▸ What is being asked: Restate the listing below word for word, and leave its pictures behind.

▸ Given information:
┌────────

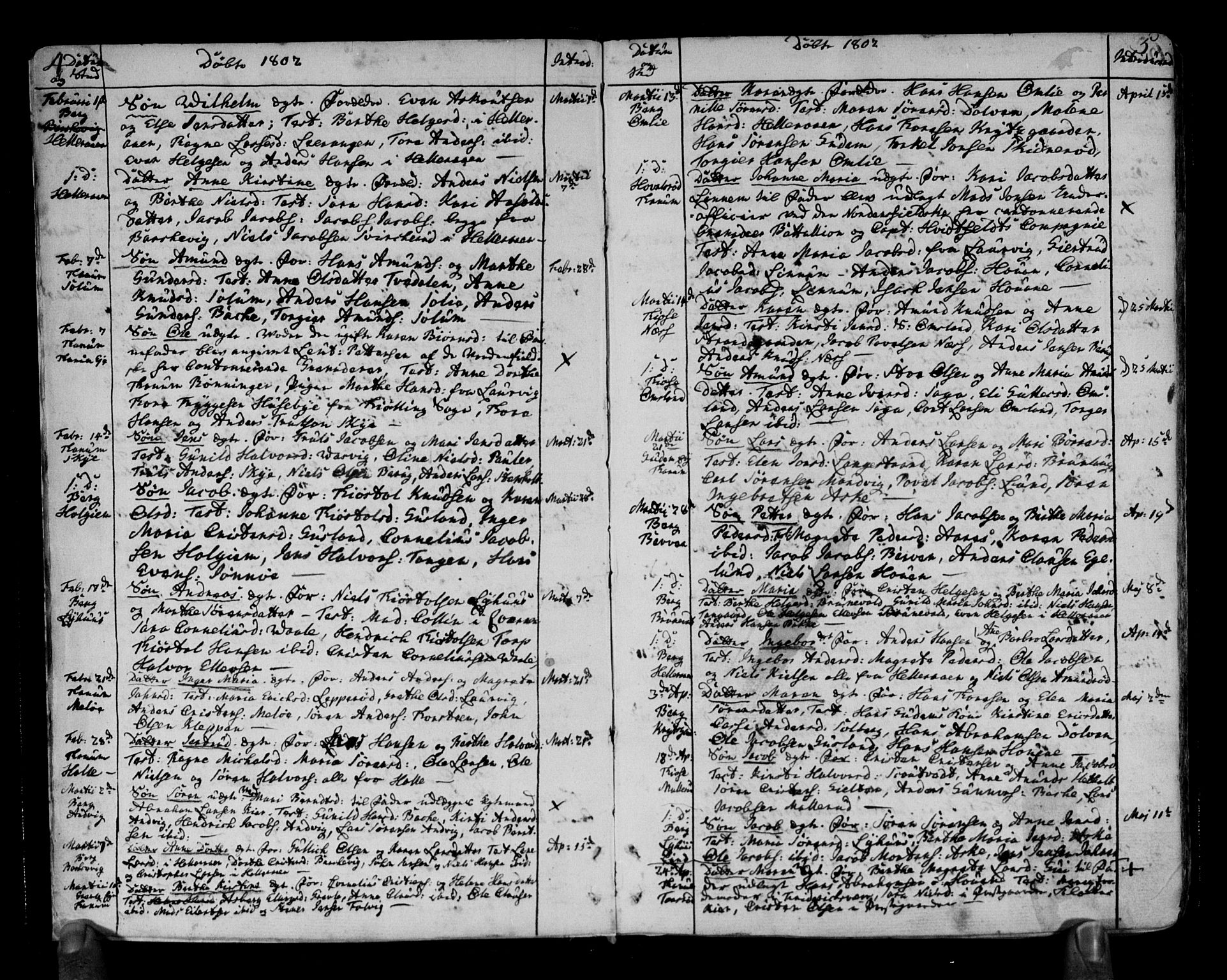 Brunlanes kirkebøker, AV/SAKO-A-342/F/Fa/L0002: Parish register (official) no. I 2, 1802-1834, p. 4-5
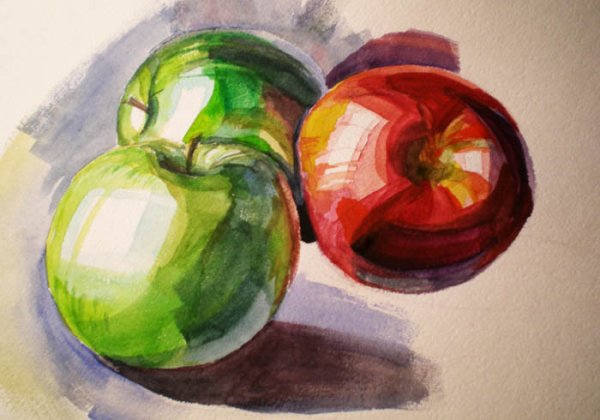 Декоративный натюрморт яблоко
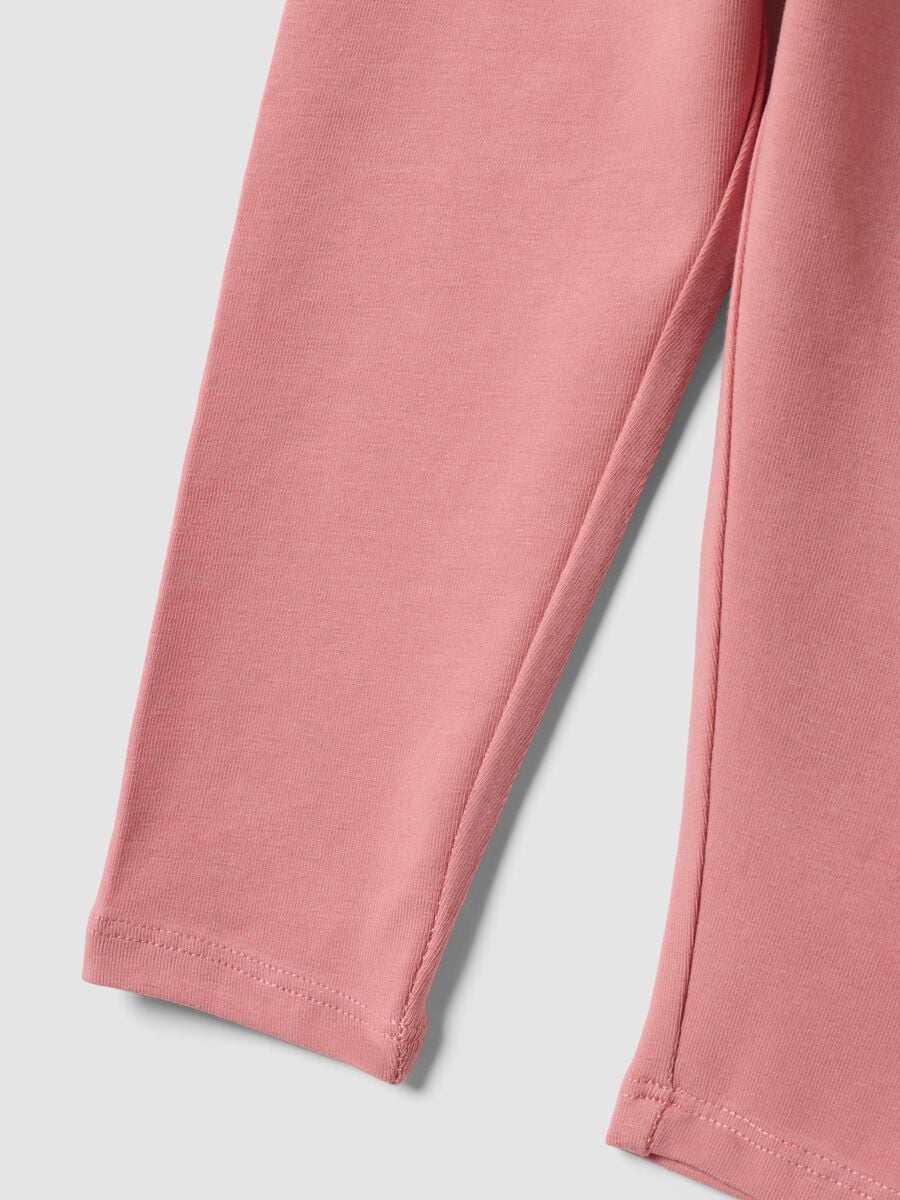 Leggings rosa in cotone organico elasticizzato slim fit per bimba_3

└────────

▸ Exercise solution:
 Brunlanes kirkebøker, AV/SAKO-A-342/F/Fa/L0002: Parish register (official) no. I 2, 1802-1834, p. 4-5
 Декоративный натюрморт яблоко
 Leggings rosa in cotone organico elasticizzato slim fit per bimba_3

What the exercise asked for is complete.